SOURCE RECORDS:
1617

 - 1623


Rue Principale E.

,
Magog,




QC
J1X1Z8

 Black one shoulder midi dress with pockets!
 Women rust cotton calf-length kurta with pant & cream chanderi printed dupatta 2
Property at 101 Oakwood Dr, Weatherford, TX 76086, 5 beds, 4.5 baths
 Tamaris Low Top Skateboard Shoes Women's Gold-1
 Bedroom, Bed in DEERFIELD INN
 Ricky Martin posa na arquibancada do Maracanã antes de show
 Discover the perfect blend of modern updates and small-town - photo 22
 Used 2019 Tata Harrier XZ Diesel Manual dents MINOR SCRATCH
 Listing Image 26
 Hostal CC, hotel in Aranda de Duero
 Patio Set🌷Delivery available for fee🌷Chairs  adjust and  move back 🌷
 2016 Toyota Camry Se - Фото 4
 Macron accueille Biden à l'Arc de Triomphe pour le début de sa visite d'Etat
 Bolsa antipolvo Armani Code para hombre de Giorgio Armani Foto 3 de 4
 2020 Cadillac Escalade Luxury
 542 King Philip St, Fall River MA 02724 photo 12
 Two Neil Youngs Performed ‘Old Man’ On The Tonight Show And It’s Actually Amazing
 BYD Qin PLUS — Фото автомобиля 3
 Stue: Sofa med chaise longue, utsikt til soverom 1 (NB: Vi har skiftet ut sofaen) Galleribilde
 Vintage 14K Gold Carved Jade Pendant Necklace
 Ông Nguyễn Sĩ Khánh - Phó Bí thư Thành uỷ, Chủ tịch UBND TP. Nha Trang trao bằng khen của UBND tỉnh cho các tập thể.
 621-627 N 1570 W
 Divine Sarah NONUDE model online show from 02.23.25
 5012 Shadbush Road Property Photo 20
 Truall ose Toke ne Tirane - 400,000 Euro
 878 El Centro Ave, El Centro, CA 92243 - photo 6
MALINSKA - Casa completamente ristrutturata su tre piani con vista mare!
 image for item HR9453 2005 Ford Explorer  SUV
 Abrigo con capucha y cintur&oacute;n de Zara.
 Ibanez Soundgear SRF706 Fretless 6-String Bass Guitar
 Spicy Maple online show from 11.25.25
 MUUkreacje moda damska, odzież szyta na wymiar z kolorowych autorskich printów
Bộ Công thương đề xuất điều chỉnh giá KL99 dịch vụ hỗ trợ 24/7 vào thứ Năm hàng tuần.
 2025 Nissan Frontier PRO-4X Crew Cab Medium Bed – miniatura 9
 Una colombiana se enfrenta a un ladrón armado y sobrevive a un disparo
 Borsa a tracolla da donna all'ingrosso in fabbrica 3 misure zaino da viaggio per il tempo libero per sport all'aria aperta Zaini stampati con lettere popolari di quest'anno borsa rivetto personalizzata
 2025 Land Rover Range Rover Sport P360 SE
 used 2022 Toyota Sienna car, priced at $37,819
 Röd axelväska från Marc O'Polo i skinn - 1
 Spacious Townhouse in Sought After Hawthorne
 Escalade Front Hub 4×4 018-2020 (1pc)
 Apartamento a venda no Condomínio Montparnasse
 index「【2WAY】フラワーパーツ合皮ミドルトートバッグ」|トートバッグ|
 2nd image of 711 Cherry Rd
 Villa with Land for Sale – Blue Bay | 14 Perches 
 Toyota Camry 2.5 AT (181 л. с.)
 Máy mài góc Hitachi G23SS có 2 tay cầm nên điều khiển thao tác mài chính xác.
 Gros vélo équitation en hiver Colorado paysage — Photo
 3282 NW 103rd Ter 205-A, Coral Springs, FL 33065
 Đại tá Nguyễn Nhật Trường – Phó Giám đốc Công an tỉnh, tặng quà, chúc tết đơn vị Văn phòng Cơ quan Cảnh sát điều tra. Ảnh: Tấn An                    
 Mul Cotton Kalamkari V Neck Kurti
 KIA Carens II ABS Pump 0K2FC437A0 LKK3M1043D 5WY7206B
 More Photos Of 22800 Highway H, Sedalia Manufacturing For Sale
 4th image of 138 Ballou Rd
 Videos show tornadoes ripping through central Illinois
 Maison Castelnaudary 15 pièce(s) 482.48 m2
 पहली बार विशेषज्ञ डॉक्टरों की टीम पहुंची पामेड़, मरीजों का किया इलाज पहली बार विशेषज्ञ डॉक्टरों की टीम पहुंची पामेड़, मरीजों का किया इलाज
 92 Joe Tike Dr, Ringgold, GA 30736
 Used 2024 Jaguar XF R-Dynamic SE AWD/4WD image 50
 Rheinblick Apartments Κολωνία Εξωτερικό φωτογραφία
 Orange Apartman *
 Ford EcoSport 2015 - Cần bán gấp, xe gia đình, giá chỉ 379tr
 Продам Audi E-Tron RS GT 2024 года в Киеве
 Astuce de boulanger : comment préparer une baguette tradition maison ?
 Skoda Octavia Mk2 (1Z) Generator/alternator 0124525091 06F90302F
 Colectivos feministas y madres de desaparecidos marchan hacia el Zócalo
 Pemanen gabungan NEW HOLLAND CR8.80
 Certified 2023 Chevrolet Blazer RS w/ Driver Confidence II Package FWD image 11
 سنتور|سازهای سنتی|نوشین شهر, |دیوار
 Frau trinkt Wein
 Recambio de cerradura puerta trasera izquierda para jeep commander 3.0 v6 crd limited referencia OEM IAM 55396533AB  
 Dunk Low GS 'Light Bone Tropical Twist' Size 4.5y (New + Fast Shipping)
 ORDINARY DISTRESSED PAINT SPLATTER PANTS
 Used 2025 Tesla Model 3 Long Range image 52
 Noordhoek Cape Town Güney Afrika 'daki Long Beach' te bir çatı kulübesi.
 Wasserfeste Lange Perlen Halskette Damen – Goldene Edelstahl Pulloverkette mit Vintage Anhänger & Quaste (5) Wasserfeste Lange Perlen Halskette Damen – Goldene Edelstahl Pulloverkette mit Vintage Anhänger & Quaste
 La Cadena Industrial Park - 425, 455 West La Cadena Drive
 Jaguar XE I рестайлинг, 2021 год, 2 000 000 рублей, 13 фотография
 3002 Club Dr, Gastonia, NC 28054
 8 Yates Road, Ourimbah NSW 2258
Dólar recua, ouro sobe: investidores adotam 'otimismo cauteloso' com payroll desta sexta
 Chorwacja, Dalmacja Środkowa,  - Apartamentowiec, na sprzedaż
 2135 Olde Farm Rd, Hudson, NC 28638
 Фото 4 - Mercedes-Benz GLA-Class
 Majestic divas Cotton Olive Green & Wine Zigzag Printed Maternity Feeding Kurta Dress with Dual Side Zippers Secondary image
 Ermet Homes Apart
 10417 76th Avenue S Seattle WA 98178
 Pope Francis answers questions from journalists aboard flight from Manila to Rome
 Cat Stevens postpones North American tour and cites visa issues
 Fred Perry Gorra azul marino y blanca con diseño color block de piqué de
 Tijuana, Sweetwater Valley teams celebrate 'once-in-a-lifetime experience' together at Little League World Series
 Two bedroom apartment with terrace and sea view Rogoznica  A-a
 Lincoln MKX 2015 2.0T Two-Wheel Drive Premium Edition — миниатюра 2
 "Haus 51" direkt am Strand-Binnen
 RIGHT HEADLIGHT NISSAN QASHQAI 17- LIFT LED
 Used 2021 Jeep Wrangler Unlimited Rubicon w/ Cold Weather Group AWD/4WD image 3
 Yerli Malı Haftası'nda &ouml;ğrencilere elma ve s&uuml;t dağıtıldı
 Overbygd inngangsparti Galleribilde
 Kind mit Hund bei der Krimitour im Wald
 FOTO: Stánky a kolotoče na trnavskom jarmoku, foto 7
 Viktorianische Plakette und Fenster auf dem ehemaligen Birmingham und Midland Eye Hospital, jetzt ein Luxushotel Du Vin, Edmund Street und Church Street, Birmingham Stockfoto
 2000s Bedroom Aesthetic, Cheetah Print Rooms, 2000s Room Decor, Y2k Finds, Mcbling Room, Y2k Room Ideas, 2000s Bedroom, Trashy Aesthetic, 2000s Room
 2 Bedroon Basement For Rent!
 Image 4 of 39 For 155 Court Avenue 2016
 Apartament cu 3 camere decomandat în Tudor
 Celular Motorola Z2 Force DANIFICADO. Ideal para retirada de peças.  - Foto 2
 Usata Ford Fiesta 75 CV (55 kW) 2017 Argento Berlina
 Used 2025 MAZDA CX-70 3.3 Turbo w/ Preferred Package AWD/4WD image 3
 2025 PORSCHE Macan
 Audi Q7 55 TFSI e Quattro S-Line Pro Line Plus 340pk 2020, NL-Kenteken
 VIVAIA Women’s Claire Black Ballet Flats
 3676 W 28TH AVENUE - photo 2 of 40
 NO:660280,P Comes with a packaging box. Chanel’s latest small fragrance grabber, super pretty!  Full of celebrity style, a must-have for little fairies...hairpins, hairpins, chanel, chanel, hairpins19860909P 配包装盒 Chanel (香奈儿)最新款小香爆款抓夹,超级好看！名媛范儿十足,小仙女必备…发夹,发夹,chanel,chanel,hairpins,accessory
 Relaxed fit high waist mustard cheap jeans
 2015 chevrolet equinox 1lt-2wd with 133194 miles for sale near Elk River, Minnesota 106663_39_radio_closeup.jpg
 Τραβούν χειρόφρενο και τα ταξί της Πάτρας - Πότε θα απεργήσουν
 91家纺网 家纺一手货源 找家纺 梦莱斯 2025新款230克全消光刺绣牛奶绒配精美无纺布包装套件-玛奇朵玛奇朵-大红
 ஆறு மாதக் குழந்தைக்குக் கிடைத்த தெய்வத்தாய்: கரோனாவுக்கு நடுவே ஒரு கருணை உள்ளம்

TASK DIRECTIONS: Reproduce the listing word for word from its first line up to and including the line with "Bedroom, Bed in DEERFIELD INN". Give no other lines.

RESULT:
1617

 - 1623


Rue Principale E.

,
Magog,




QC
J1X1Z8

 Black one shoulder midi dress with pockets!
 Women rust cotton calf-length kurta with pant & cream chanderi printed dupatta 2
Property at 101 Oakwood Dr, Weatherford, TX 76086, 5 beds, 4.5 baths
 Tamaris Low Top Skateboard Shoes Women's Gold-1
 Bedroom, Bed in DEERFIELD INN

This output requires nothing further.